Output all of the data below without changing a word, and exclude the pictures.

----- RECORDED INFORMATION

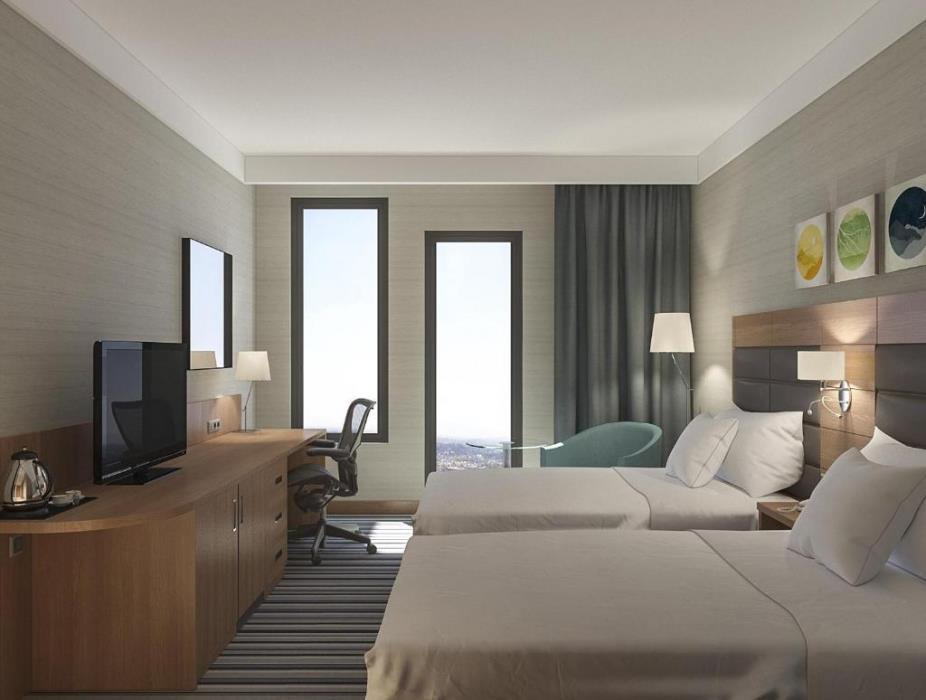 Hilton Garden Inn Adiyaman Adıyaman Exterior foto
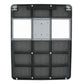 Front Grille with Screen Fits International Replaces 537496R1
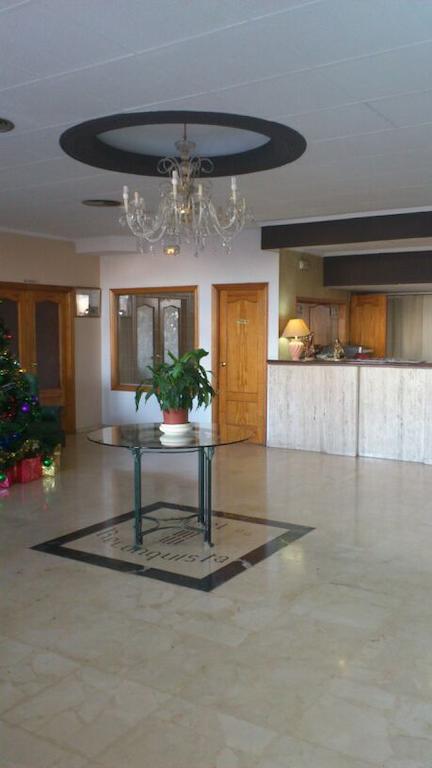 Hotel Reconquista Alzira Εξωτερικό φωτογραφία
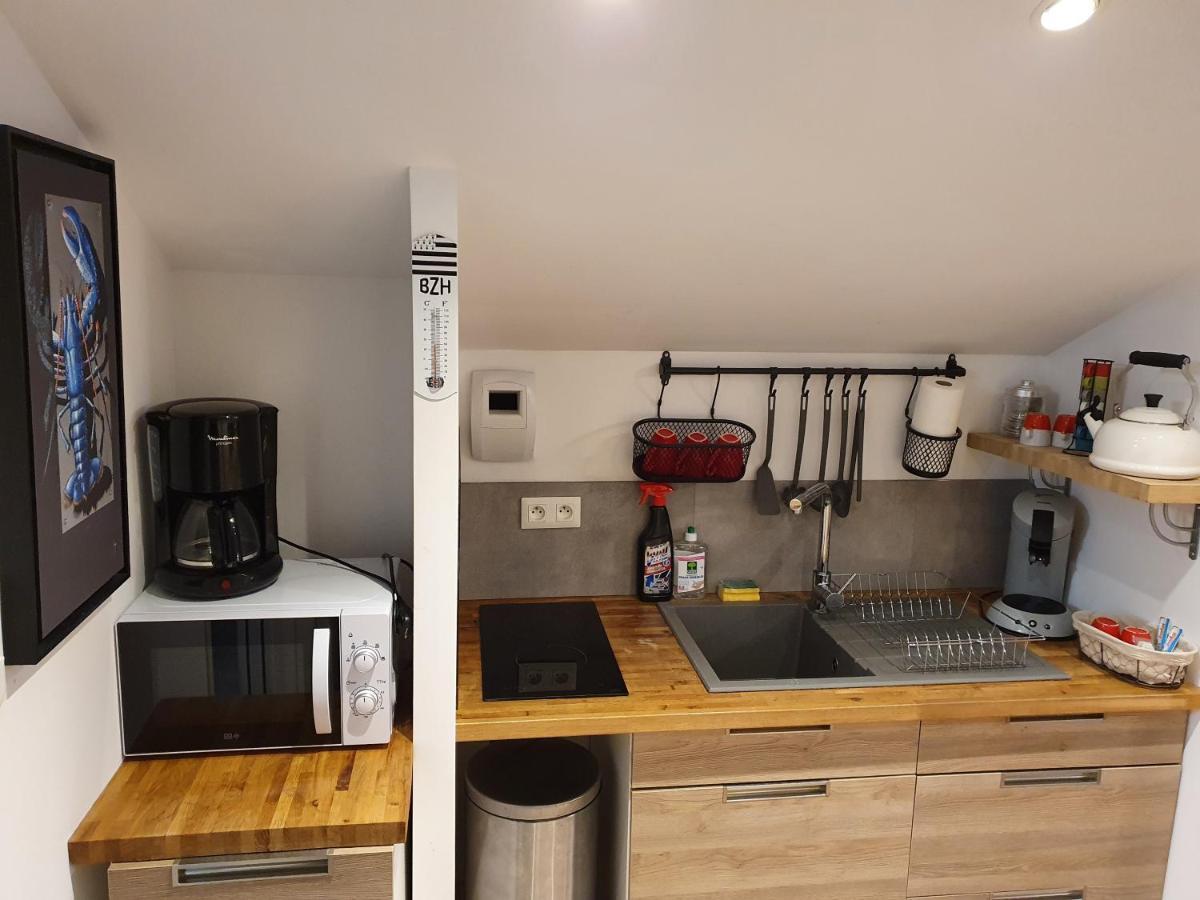 Appartements C'Home Un Charme Lannion Zewnętrze zdjęcie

----------

**RESPONSE AREA:**
 Hilton Garden Inn Adiyaman Adıyaman Exterior foto
 Front Grille with Screen Fits International Replaces 537496R1
 Hotel Reconquista Alzira Εξωτερικό φωτογραφία
 Appartements C'Home Un Charme Lannion Zewnętrze zdjęcie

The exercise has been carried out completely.